Решимость в его голосе и впрямь заставила нас примолкнуть. Кэллоуэй опустился на колени у двери камеры и принялся шевелить в щели леской, выдернутой из одеяла и привязанной к свернутому в трубку журналу. Он дотянулся до центра помоста, подвергая себя серьезному риску: надзиратели должны были вернуться с минуты на минуту. Поначалу никто не понял, что он делает, ведь обычно мы таким образом передавали вещи друг другу – от книжки в мягком переплете до шоколадного батончика. Но тут мы заметили на полу небольшой яркий овал. Одному богу известно, зачем птице вить гнездо в таком жутком месте, но пару месяцев назад какая-то дурочка так и поступила, влетев к нам со спортплощадки. Одно яйцо выпало и треснуло. и теперь в коридоре лежал на боку недоразвитый птенчик малиновки.
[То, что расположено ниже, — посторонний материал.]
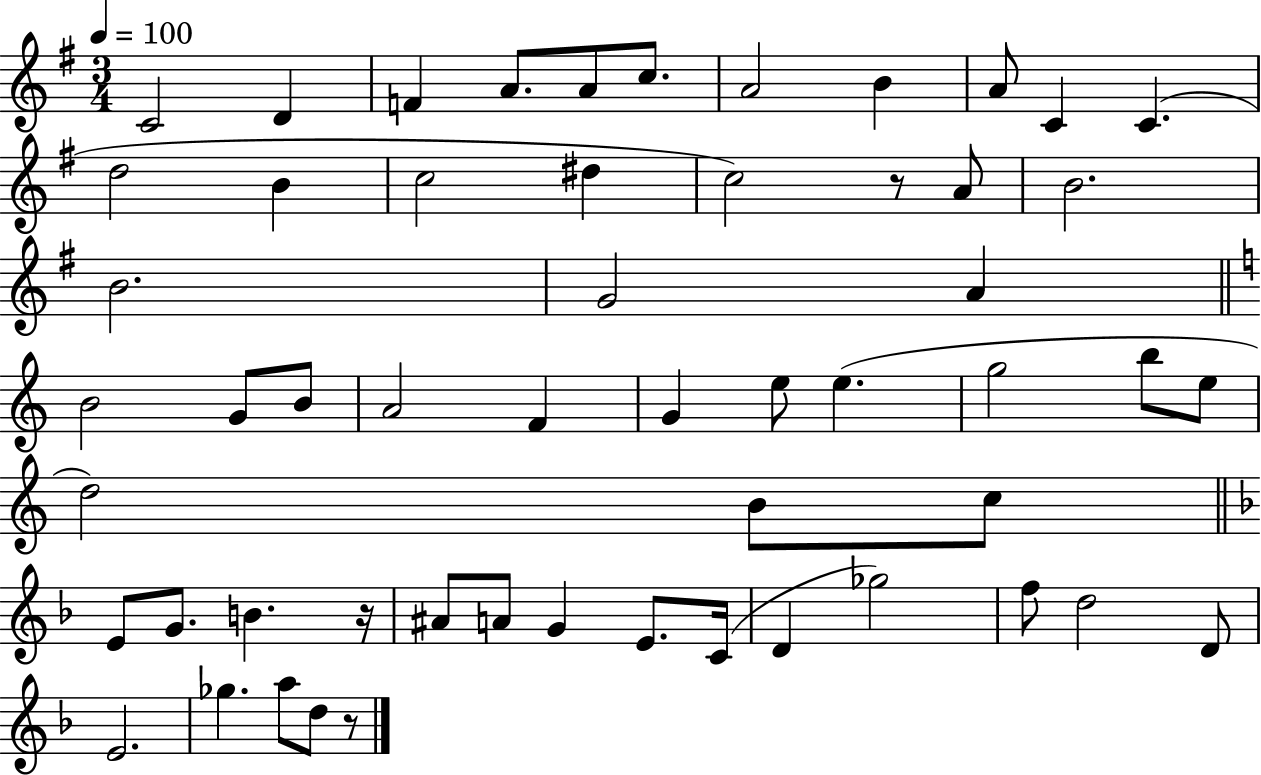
X:1
T:Untitled
M:3/4
L:1/4
K:G
C2 D F A/2 A/2 c/2 A2 B A/2 C C d2 B c2 ^d c2 z/2 A/2 B2 B2 G2 A B2 G/2 B/2 A2 F G e/2 e g2 b/2 e/2 d2 B/2 c/2 E/2 G/2 B z/4 ^A/2 A/2 G E/2 C/4 D _g2 f/2 d2 D/2 E2 _g a/2 d/2 z/2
Его тощая морщинистая грудка поднималась и опускалась, как поршень.

Кэллоуэй медленно, дюйм за дюймом, подтаскивал яйцо.

– Не выживет, – сказал Крэш. – Мамаше он теперь не нужен.

– А мне нужен! – огрызнулся Кэллоуэй.

– Положи его в теплое место, – предложил я. – Оберни в полотенце, например.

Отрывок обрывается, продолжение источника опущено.